WORK REQUEST ▸ Reproduce the data in full, exactly as it appears.

GIVEN INFORMATION ▸
::::::::
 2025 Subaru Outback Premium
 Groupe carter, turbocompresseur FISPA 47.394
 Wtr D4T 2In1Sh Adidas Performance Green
::::::::
EXPECTED ANSWER ▸
 2025 Subaru Outback Premium
 Groupe carter, turbocompresseur FISPA 47.394
 Wtr D4T 2In1Sh Adidas Performance Green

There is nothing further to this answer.